The emergence of armed anti-Hamas groups, though still small and localized, has added pressure on the Islamists and could complicate efforts to stabilize and unify a divided Gaza, shattered by two years of war.
These groups remain unpopular among the local population as they operate in areas under Israeli control, although they publicly deny they take Israeli orders. Hamas has held public executions ⁠of people it accuses of collaboration.
Under a ceasefire in place since October, Israel has withdrawn from nearly half of ‌the Gaza Strip, but its troops remain in control of ‍the other half, largely a wasteland ‍where virtually all buildings have been levelled.
Nearly all of the territory’s two million people ‍now live in Hamas-held areas, mostly in makeshift tents or damaged buildings, where the group has been reasserting its grip. Four Hamas sources said it continues to command thousands of fighters despite suffering heavy losses during the war.
Israel has been allowing rivals of Hamas to operate in areas it controls. In ​later phases, US President Donald Trump’s plan for Gaza calls for Israel to withdraw further and for Hamas to yield power to an internationally backed administration, ⁠but there has so far been no progress toward those steps.
Prime Minister Benjamin Netanyahu acknowledged Israeli backing for anti-Hamas groups in June, saying Israel had “activated” clans, but has given few details since then.
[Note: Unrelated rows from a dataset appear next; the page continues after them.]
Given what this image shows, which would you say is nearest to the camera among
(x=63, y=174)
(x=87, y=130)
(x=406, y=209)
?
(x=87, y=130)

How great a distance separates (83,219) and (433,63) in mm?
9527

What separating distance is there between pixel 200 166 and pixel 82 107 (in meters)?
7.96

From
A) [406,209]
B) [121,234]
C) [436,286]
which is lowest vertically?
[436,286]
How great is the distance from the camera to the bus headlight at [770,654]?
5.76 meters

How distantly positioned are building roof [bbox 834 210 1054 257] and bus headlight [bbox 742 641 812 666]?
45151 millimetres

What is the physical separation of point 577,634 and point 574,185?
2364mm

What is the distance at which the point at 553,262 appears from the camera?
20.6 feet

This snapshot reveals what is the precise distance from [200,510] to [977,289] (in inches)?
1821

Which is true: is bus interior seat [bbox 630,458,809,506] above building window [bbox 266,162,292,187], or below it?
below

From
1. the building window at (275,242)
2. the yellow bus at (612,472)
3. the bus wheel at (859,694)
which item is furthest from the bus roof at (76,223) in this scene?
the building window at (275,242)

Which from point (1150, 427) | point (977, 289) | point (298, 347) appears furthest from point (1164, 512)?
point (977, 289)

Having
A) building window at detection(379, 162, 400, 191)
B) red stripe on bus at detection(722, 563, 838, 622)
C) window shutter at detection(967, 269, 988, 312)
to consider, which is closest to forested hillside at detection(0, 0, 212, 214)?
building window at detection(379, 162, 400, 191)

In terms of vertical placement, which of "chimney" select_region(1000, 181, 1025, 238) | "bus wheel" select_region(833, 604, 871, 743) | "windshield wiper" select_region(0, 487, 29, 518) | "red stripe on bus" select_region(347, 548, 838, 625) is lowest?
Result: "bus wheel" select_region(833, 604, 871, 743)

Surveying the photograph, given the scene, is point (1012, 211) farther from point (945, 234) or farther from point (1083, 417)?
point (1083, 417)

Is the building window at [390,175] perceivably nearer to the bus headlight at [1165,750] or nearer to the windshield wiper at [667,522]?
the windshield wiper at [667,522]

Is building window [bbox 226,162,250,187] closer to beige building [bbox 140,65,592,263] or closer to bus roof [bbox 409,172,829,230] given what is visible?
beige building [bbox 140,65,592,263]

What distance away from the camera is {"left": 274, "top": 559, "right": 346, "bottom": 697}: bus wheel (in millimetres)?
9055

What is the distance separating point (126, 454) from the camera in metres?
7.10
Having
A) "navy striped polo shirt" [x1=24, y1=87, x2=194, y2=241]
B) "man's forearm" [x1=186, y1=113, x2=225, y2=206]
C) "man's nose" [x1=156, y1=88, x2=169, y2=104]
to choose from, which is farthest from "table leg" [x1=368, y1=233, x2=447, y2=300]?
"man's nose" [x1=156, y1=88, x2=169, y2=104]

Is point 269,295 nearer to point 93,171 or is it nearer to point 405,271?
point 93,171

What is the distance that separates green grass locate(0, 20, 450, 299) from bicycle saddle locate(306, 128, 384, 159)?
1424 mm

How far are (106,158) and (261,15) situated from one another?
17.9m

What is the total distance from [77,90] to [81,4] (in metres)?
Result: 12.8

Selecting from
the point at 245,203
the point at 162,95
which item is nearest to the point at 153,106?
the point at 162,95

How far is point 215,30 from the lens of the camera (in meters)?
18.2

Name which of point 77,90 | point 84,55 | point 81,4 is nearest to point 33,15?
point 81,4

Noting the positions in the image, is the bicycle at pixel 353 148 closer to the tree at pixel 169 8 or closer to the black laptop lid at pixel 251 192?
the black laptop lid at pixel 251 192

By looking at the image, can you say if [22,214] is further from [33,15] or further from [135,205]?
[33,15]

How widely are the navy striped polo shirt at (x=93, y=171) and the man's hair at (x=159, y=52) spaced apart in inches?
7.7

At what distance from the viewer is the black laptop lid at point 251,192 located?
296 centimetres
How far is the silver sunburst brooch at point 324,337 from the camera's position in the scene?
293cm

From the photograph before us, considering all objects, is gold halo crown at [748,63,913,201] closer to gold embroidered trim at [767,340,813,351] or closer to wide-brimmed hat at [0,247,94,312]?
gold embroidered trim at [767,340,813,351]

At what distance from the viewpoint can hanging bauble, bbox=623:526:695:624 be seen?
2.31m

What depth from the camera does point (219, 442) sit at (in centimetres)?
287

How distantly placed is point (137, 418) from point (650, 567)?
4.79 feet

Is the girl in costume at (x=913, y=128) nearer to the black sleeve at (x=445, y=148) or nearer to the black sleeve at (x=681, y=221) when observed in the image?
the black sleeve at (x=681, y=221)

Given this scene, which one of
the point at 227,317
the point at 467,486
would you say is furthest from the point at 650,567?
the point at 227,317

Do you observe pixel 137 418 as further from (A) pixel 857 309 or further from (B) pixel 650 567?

The ceasefire has ended major combat in Gaza over the past three months, but both sides have accused the other of regular violations. More than 440 Palestinians and three Israeli soldiers have been killed since the truce took effect.
Gaza health authorities said on Monday Israeli drone fire killed at least three people near the center of Khan Younis.
The Israeli military did not have an immediate comment on the drone incident.
The war erupted on October 7, 2023 when Gazan militants invaded Israel, killing about 1,200 people and taking some 250 hostages, according to ‌Israeli tallies.
Israel’s subsequent military assault on Gaza has killed more than 71,000 Palestinians, according to the enclave’s health ministry, and led to accusations of genocide and war crimes, which Israel denies.